__ACTION ITEM__. Exclude the pictures, then restate exactly each line of the data below from the first through the line containing "Bộ trưởng Bộ".

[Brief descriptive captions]
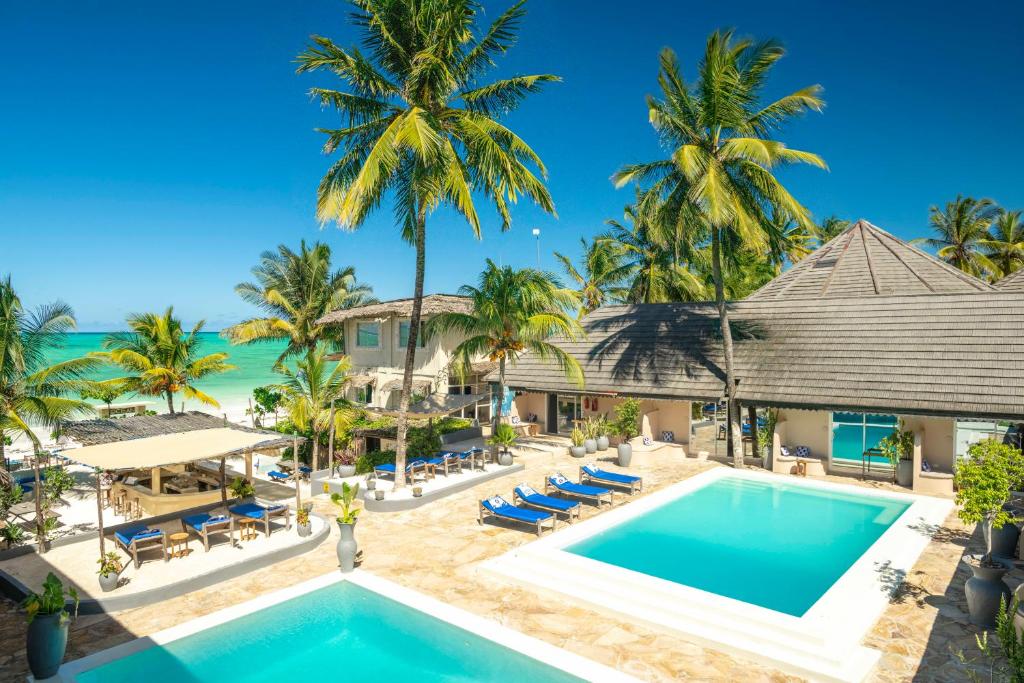 帕杰Paje Beach Apartments & Hotel的享有度假村的空中景致,设有游泳池和棕榈树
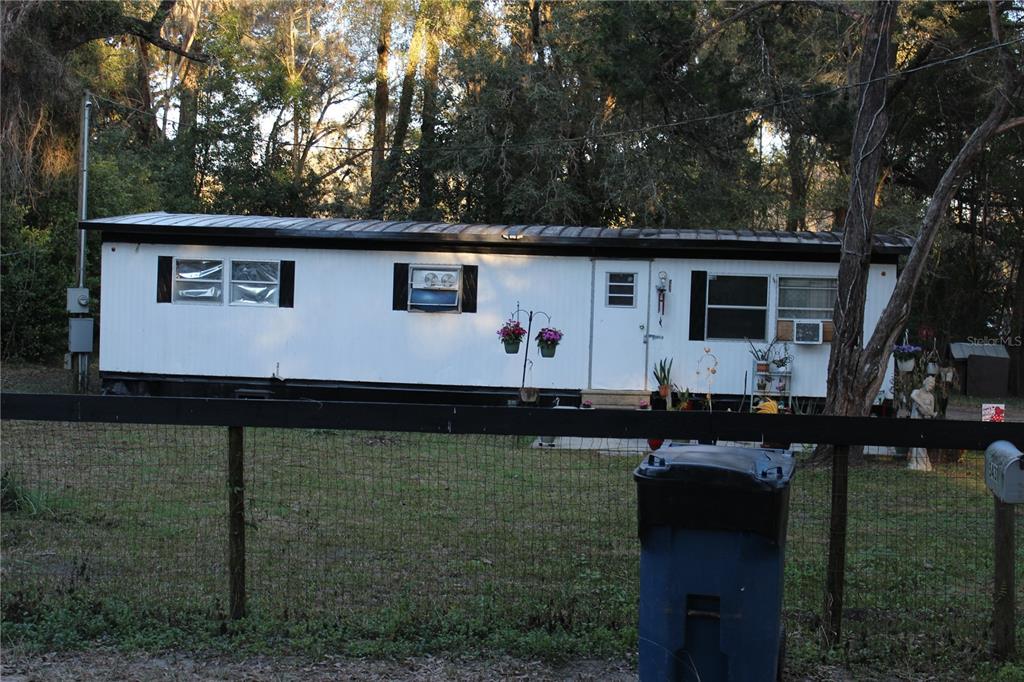 A single-wide mobile home with white siding sits behind a wire fence and trees — 5380 SE 28TH COURT, OCALA, FL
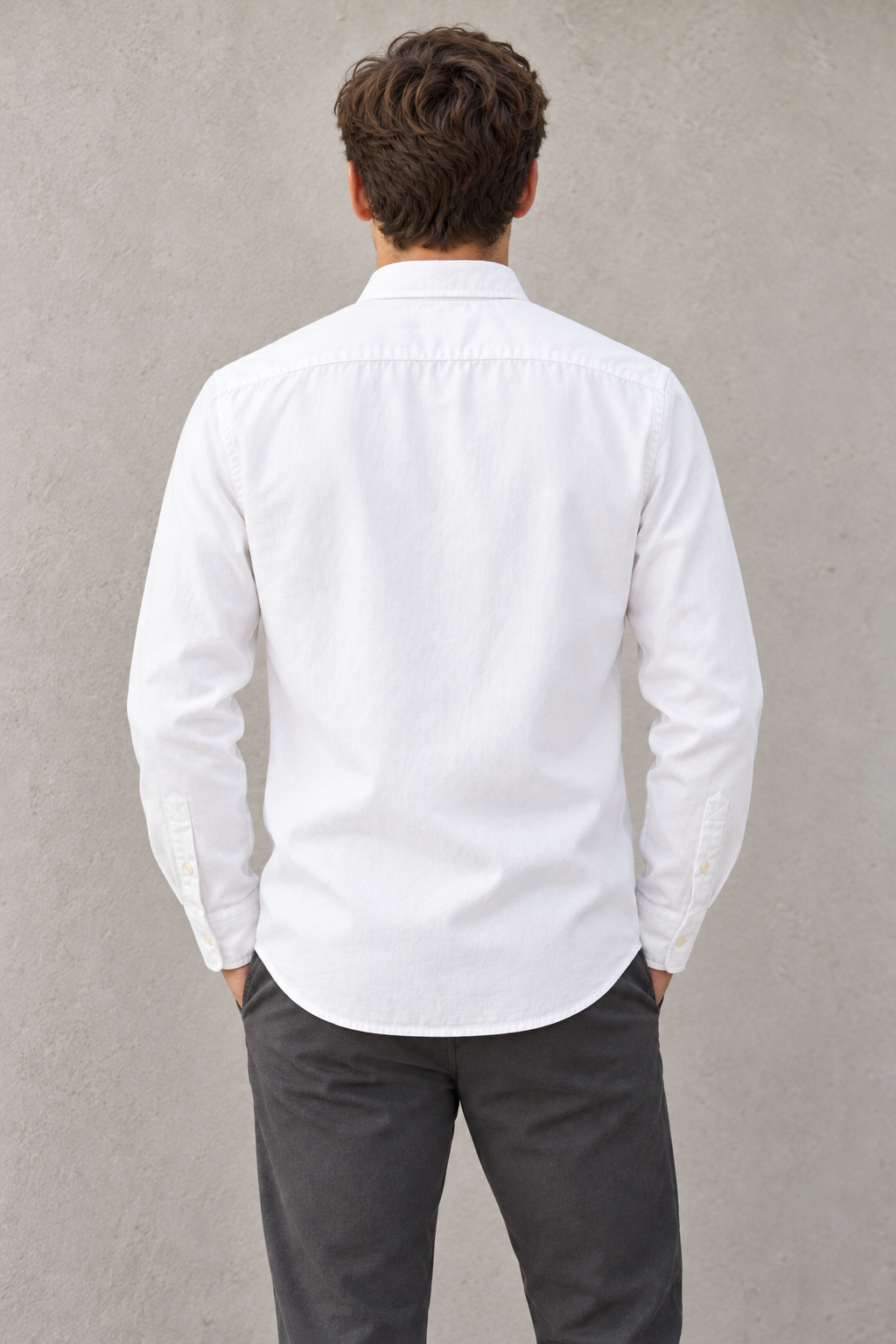 Modelo con camisa blanca LaPanda y pantalón oscuro, vista trasera.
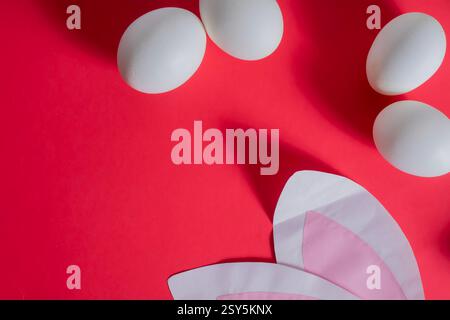 A collection of white eggs and paper bunny ears on a vibrant red background that evokes Easter. Stock Photo
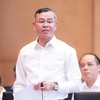 Bộ trưởng Bộ Tài chính Ngô Văn Tuấn hồi âm các vấn đề được đại biểu quan tâm - Ảnh: QH. 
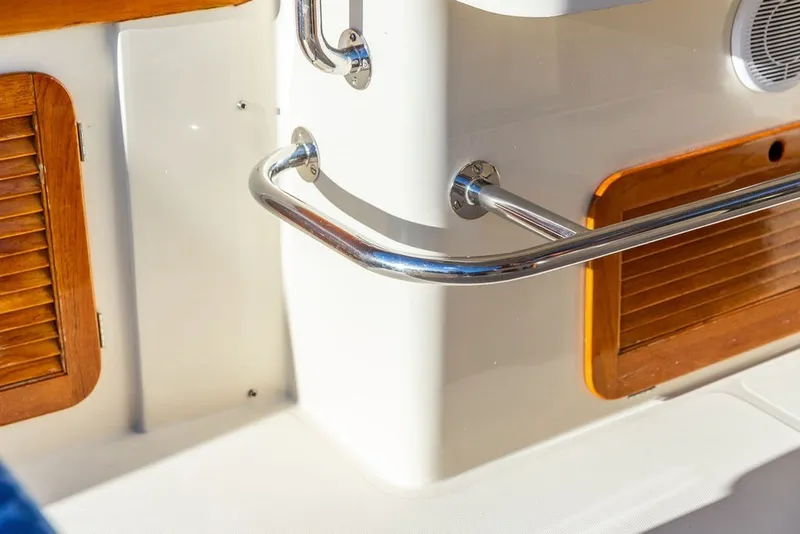 Slide: The Image of Hinckley Picnic Boat 36 Classic 1998 interior detail with wood accents and metal railing. - 25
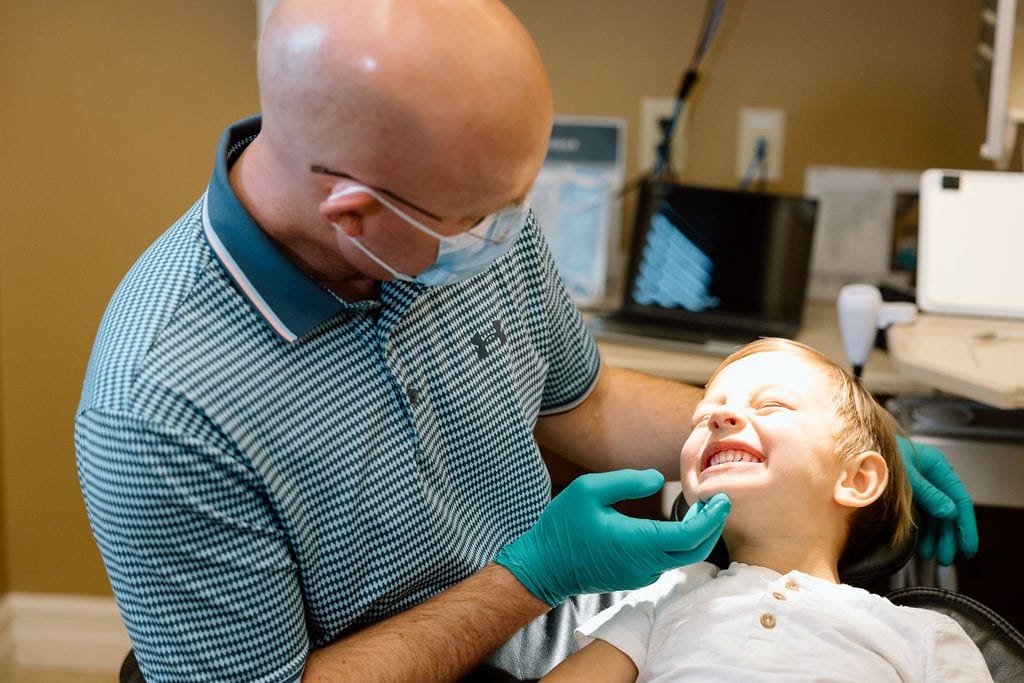 Dr. Watterson with young patient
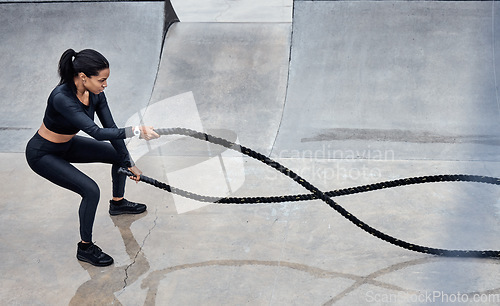 Image of Fitness, battle ropes and strong with a black woman athlete outdoor for a workout from above. Exercise, energy and power with a female training outside using a heavy rope for cardio or endurance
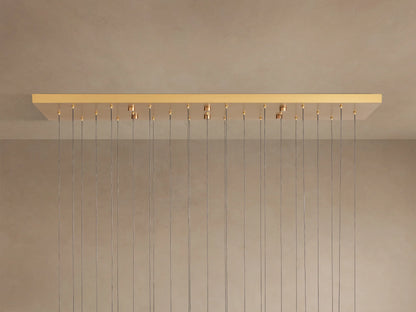 Soltaire Linear Chandelier with a rectangular brass-finished canopy mounted on a light ceiling, from which many thin wires hang.
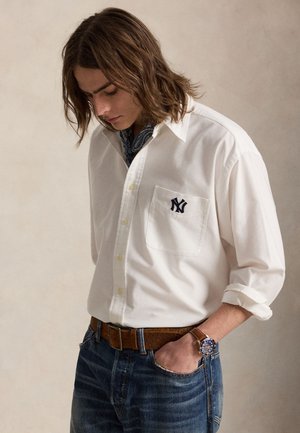 Νεαρός άνδρας με μακριά μαλλιά μέχρι τον ώμο, φοράει λευκό πουκάμισο με το λογότυπο NY, μπλε τζιν, καφέ ζώνη, μπλε ρολόι και ένα φουλάρι γύρω από το λαιμό του.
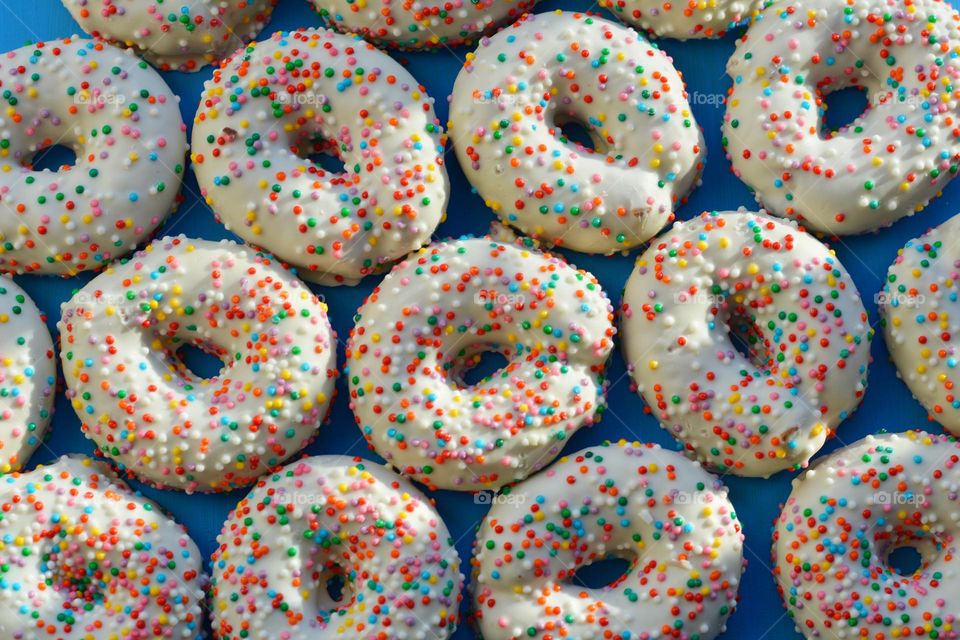 colour buns donuts round beautiful texture top view background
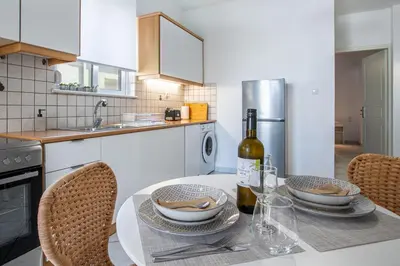a kitchen with a table with a bottle of wine at Urban Living City Apartment in Chania Town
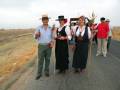 Personas con trajes tradicionales y botellas de cerveza en un camino rural.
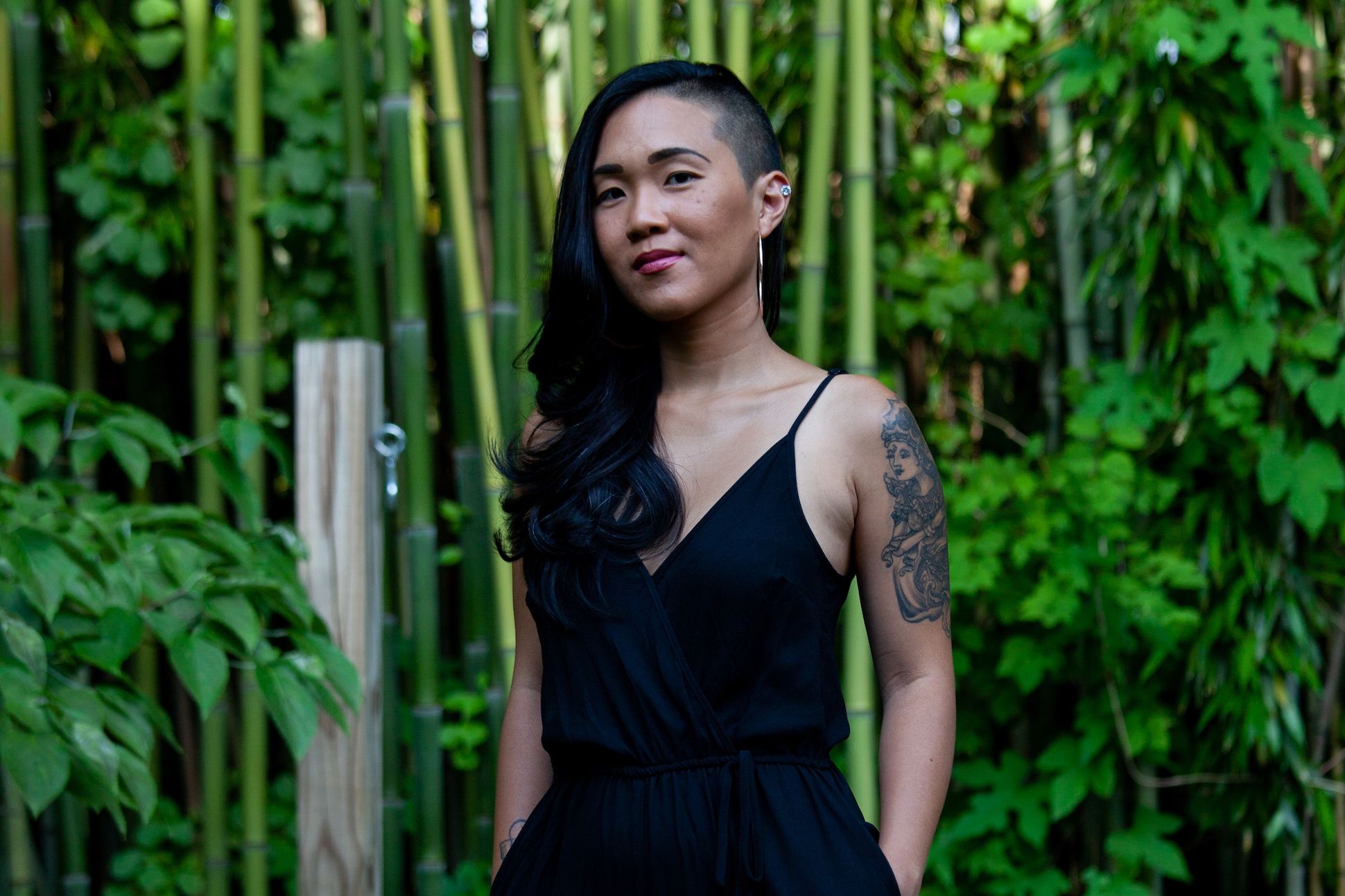 An Asian woman with one side of her long hair shaved is standing in front of bamboo trees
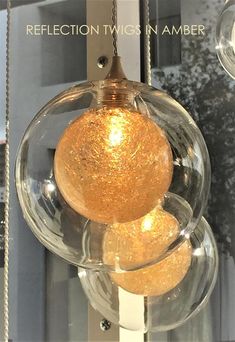 a glass ball hanging from the side of a door with chains around it and an inscription reflection twins in amber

__RESULT FOR THIS TASK__.
 帕杰Paje Beach Apartments & Hotel的享有度假村的空中景致,设有游泳池和棕榈树
 A single-wide mobile home with white siding sits behind a wire fence and trees — 5380 SE 28TH COURT, OCALA, FL
 Modelo con camisa blanca LaPanda y pantalón oscuro, vista trasera.
 A collection of white eggs and paper bunny ears on a vibrant red background that evokes Easter. Stock Photo
 Bộ trưởng Bộ Tài chính Ngô Văn Tuấn hồi âm các vấn đề được đại biểu quan tâm - Ảnh: QH. 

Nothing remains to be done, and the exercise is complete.